Comment être visible par le plus grand nombre ? En évitant le communautarisme.
 
Je ne parle évidemment pas de celles crées sur Over-blog, mais bien de la communauté lez. On parle de culture, de maisons d’éditions, de librairies spécialisées. Et la reconnaissance dans tout cela ? Un ouvrage publié et diffusé dans un réseau spécialisé s’adresse avant tout aux personnes qui ont accès à ce moyen de communication. On en parlera dans la 10ème Muse et le Petit Futé gay et lesbien, la belle affaire que de s’étaler en pleine page dans ce genre de presse. Je ne la renie pas, la considère seulement comme un maillon de la chaîne.
 
Les histoires écrites par d’autres ? On les connaît, cliché navrant de l’immoralité, stéréotype de la femme capable de réagir, pas de penser : une lesbienne rencontre une hétéro, la séduit, s’enfuit avec elle au grand dam du fiancé trahi. Des hommes apparaissent dans leurs histoires, comme s’ils nous étaient à toutes indispensables.

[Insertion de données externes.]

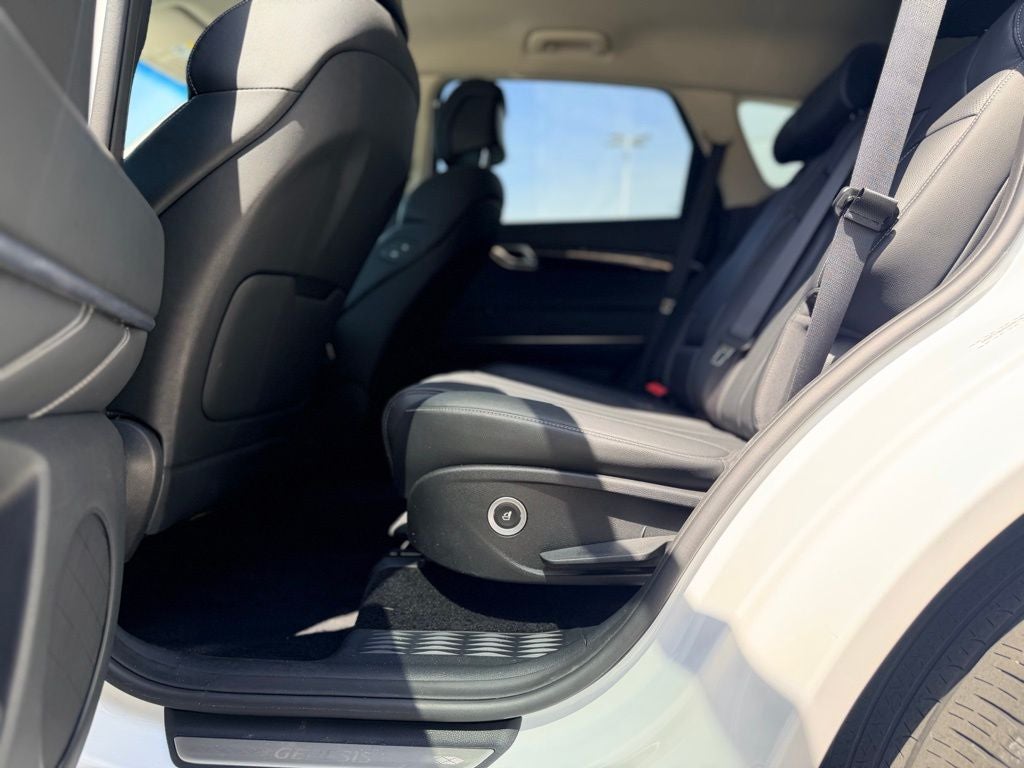 2025 Genesis GV80 2.5T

Et ces personnages ne sont jamais vraiment méchants, alors ils se posent en victime.
 
A quand dans les librairies généralistes des bouquins qui parlent de nous, de la manière dont nous percevons l’existence, de nos aspirations à faire partie de ce monde au lieu de courir en parallèle sans espoir de le rattraper ? De nos véritables amours et de leurs peines, ombres inséparables ?
 
Ne nous marginalisons pas plus que nous ne le sommes déjà. Ouvrons-nous aux autres, afin qu’ils nous acceptent. On ne secouera pas les mentalités en ne s’adressant qu’à nous. Je souhaite aller faire les courses, au restaurant, au cinéma, avec la main de mon chaton sur mon bras, ressentir la chaleur d’un de ses baisers dans la rue sans soulever de polémique.
Alors oui pour Les Mots à la Bouche, et oui aussi à la FNAC.